Items from a dataset:
========
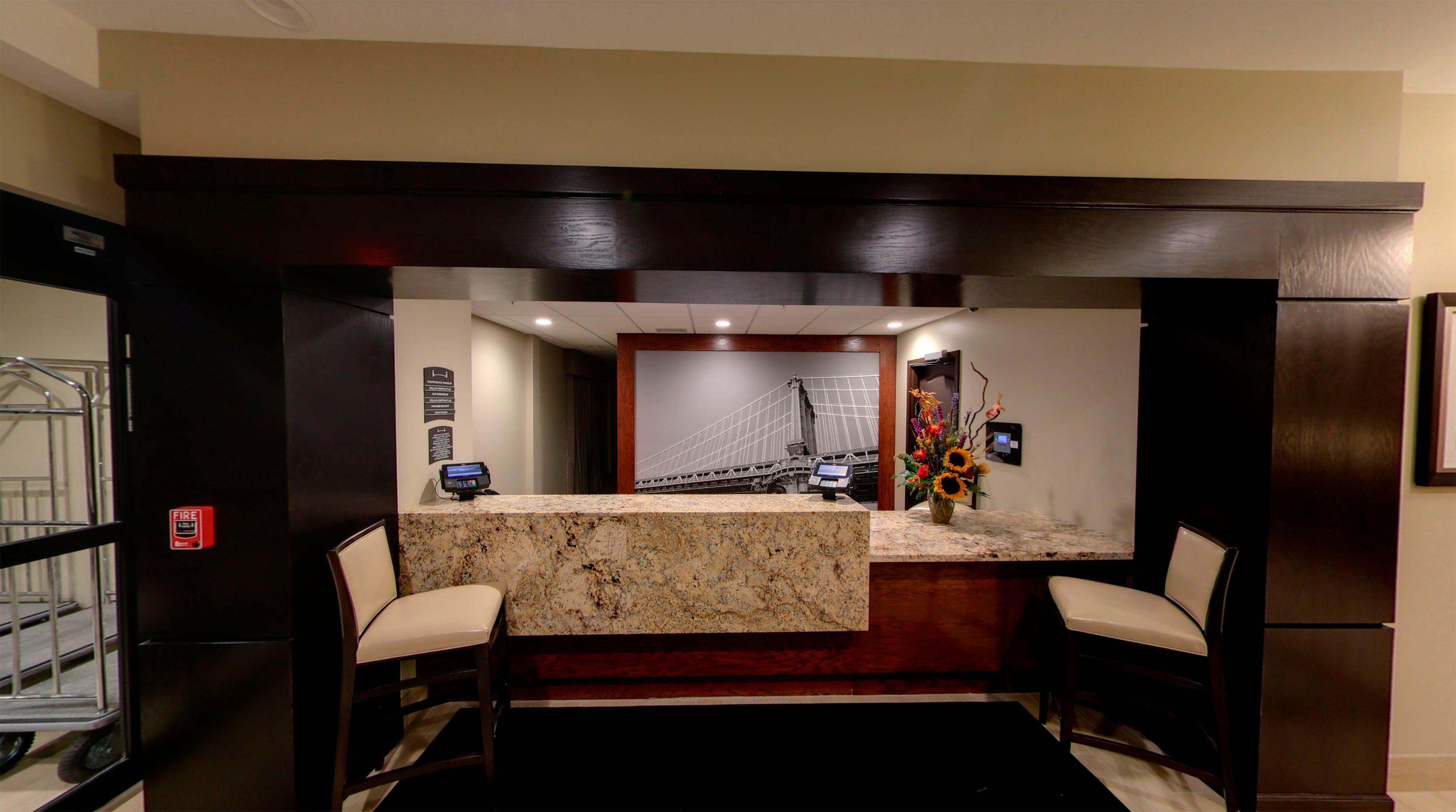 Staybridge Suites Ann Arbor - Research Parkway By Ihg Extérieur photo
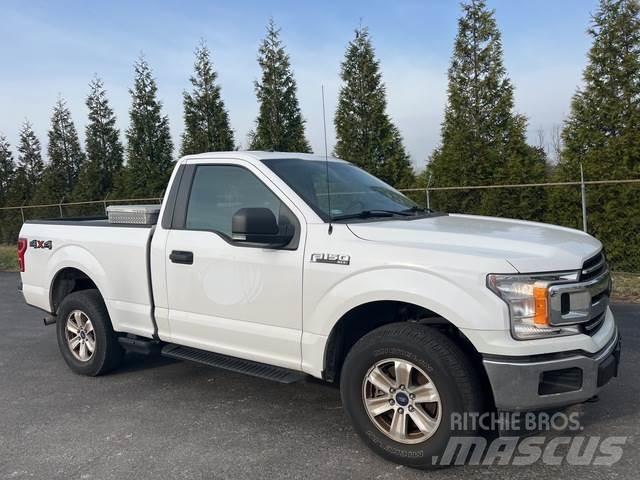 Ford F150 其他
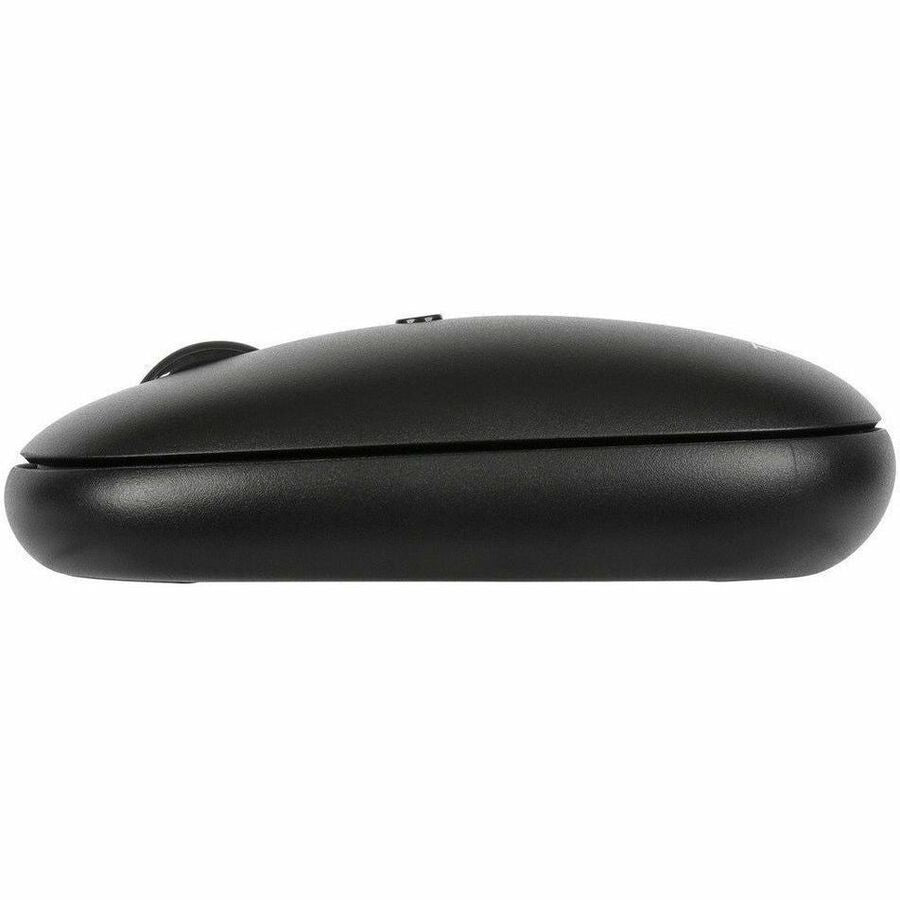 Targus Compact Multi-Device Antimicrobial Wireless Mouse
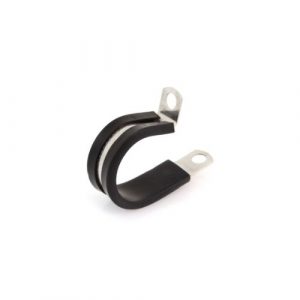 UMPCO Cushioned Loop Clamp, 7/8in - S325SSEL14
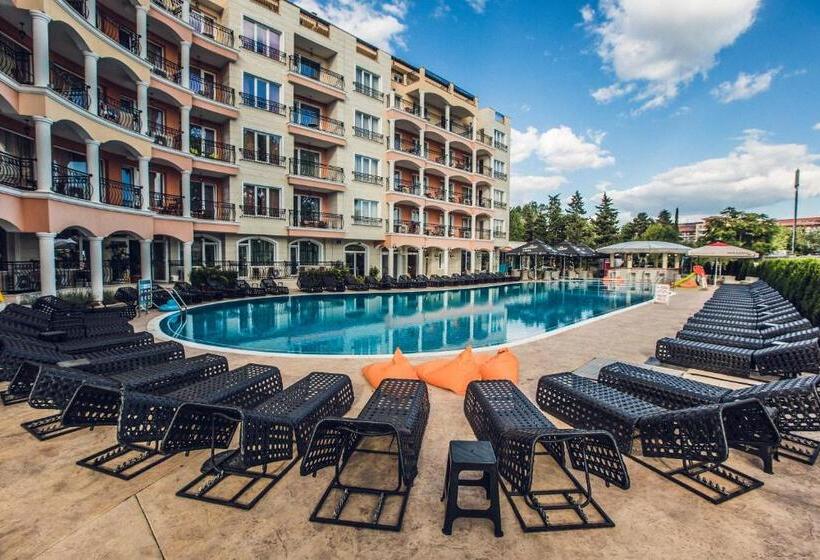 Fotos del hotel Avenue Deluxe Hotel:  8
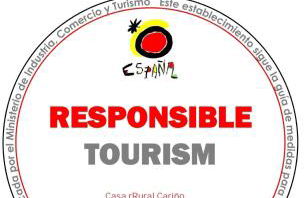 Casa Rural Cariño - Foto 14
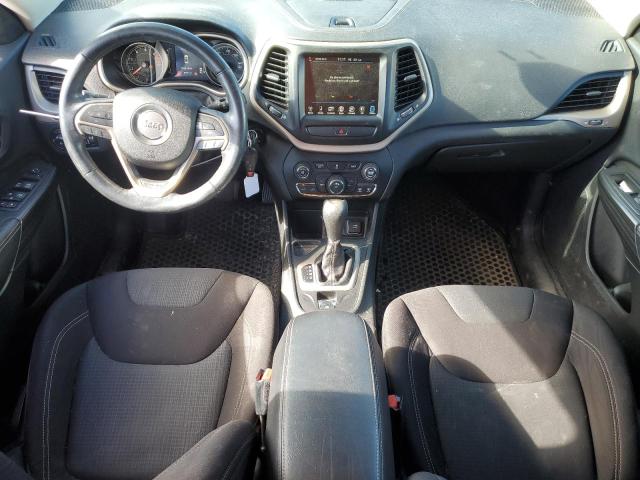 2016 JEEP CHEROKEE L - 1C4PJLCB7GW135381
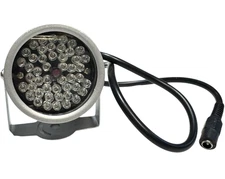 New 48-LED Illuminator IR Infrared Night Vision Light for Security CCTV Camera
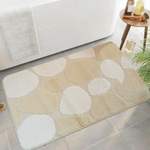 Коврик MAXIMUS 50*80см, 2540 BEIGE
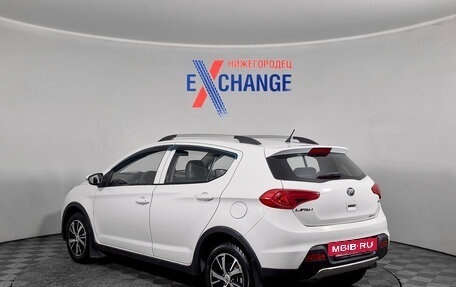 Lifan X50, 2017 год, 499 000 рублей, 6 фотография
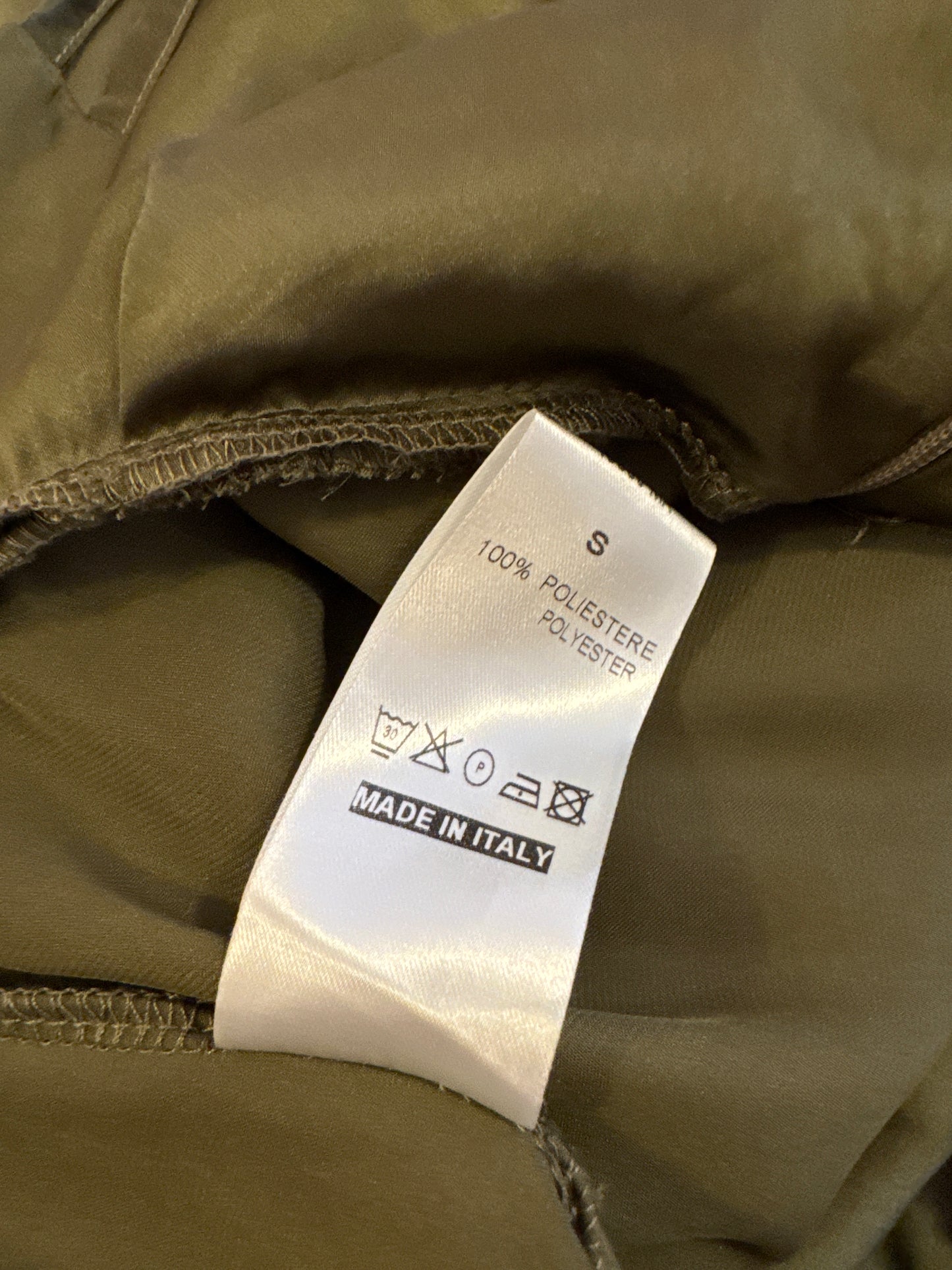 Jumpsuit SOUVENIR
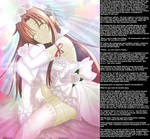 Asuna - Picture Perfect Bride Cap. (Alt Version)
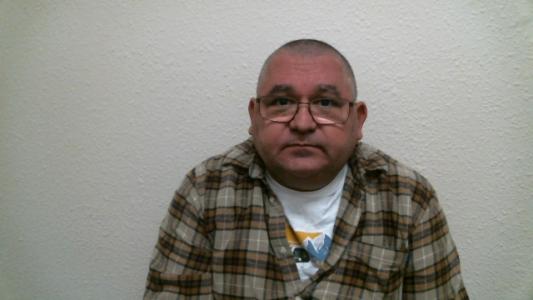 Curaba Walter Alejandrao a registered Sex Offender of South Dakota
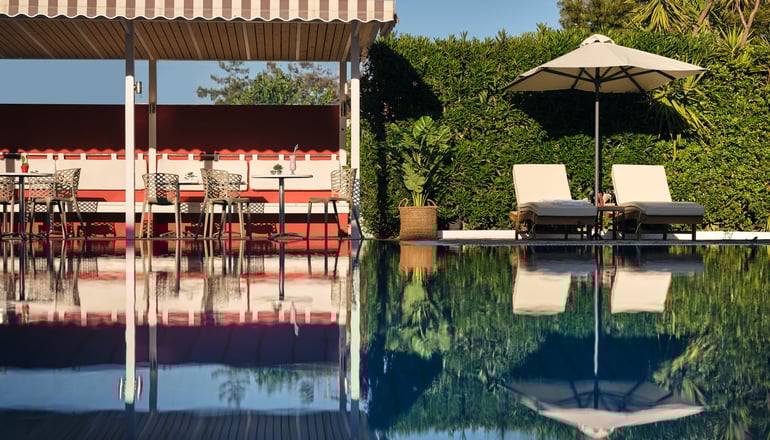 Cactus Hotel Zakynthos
========
- **WHAT IS BEING ASKED**
Reproduce verbatim every line starting at the line that holds "UMPCO Cushioned Loop" and ending with the final line of the data; omit the pictures.

- **THE ANSWER**
 UMPCO Cushioned Loop Clamp, 7/8in - S325SSEL14
 Fotos del hotel Avenue Deluxe Hotel:  8
 Casa Rural Cariño - Foto 14
 2016 JEEP CHEROKEE L - 1C4PJLCB7GW135381
 New 48-LED Illuminator IR Infrared Night Vision Light for Security CCTV Camera
 Коврик MAXIMUS 50*80см, 2540 BEIGE
 Lifan X50, 2017 год, 499 000 рублей, 6 фотография
 Jumpsuit SOUVENIR
 Asuna - Picture Perfect Bride Cap. (Alt Version)
 Curaba Walter Alejandrao a registered Sex Offender of South Dakota
 Cactus Hotel Zakynthos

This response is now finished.